Stored data
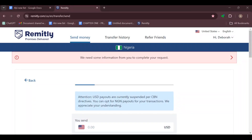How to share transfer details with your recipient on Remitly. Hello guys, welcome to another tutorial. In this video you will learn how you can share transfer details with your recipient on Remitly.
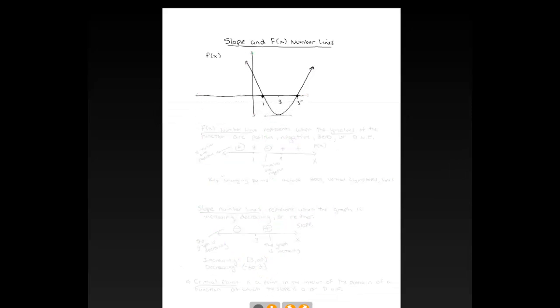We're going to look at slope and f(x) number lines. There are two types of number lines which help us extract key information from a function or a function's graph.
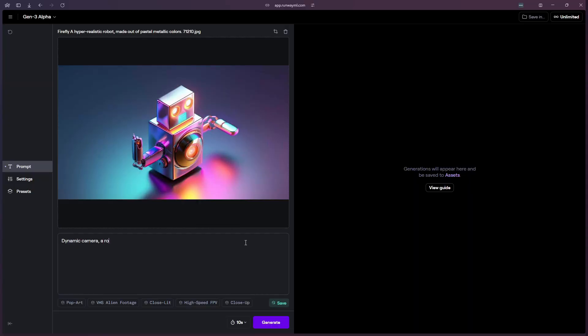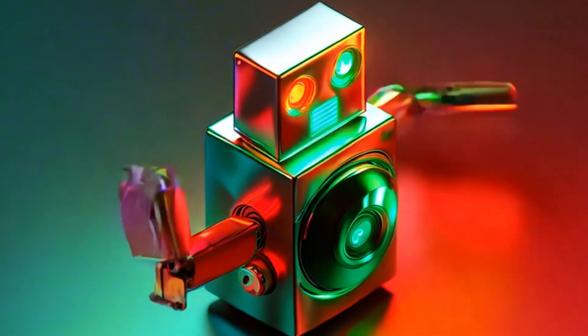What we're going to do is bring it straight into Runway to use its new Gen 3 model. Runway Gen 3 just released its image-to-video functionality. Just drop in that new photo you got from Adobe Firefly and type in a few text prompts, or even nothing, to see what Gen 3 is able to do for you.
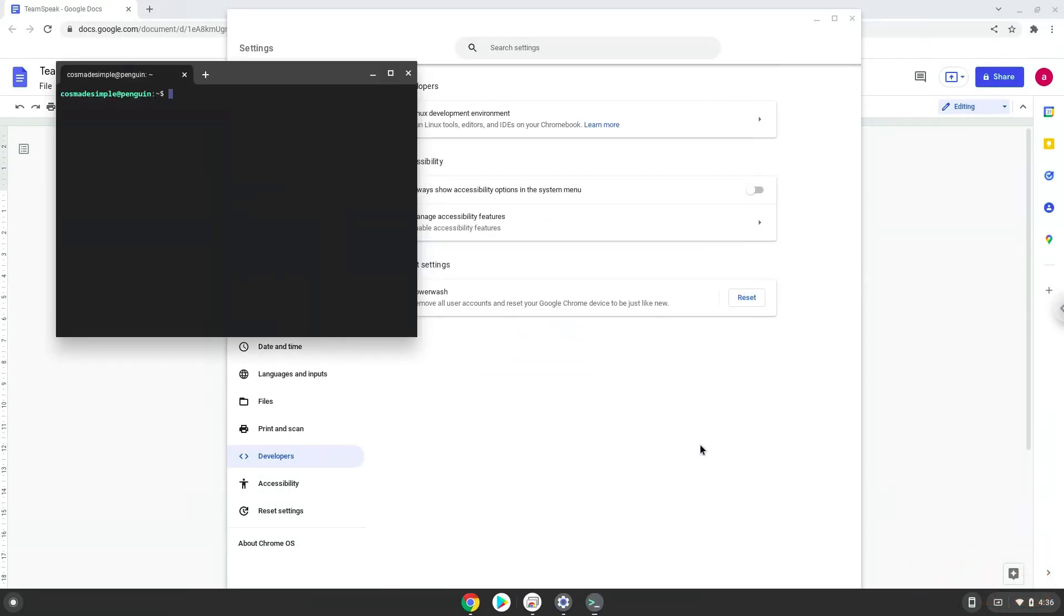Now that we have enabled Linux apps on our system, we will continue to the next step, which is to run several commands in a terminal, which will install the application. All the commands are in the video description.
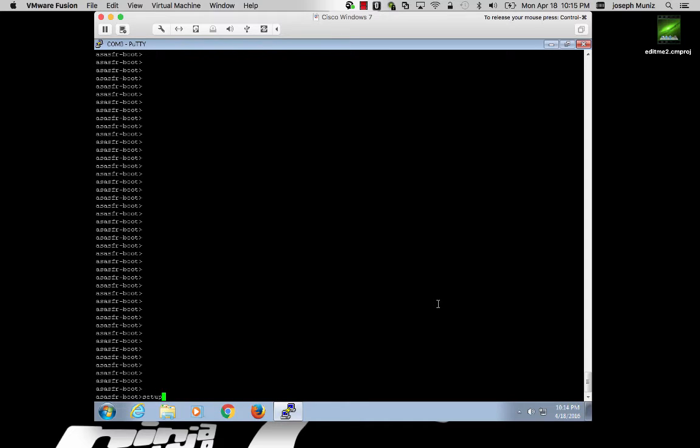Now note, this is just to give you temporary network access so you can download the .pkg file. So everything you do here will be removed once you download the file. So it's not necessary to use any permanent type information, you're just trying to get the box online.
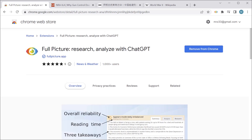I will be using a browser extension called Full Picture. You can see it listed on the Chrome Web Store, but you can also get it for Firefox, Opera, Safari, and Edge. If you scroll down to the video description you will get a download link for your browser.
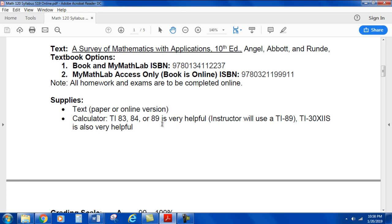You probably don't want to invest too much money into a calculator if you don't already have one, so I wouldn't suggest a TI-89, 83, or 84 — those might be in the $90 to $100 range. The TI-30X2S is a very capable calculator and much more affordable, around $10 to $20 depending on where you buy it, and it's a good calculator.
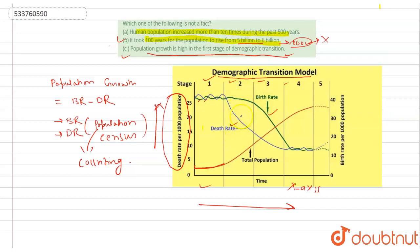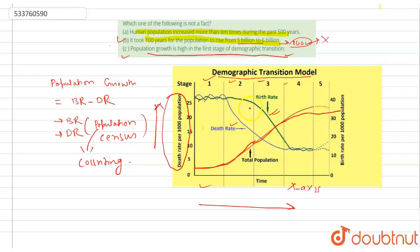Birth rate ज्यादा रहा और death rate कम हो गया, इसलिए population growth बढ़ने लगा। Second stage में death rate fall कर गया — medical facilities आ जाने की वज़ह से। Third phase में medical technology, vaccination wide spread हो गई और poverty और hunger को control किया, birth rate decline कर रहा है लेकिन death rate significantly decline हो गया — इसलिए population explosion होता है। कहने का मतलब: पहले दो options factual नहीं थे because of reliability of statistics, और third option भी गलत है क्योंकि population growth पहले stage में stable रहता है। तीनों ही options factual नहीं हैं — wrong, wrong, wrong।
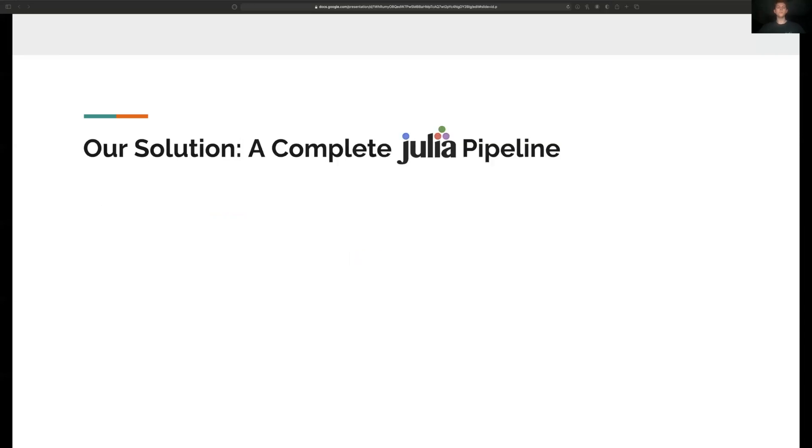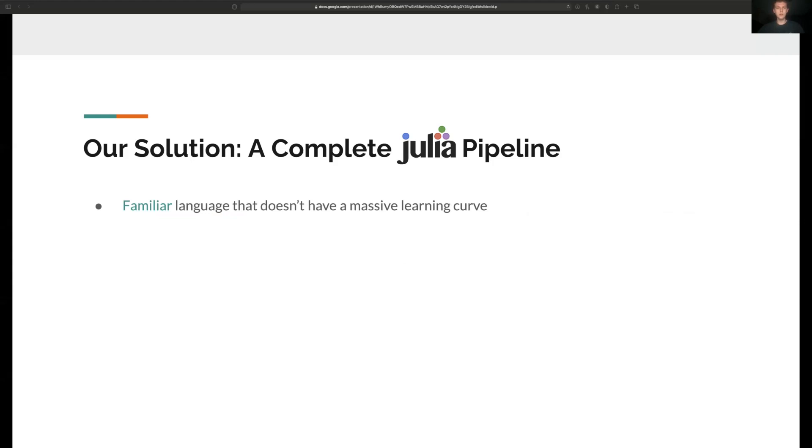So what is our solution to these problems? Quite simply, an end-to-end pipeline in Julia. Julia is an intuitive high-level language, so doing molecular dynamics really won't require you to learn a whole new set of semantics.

* What you are asked to do
The lines to be transcribed are those from the first line of the data above through the line holding "We're going to look", inclusive; copy them exactly and only, leaving out the pictures.

* Solution to the exercise
How to share transfer details with your recipient on Remitly. Hello guys, welcome to another tutorial. In this video you will learn how you can share transfer details with your recipient on Remitly.
We're going to look at slope and f(x) number lines. There are two types of number lines which help us extract key information from a function or a function's graph.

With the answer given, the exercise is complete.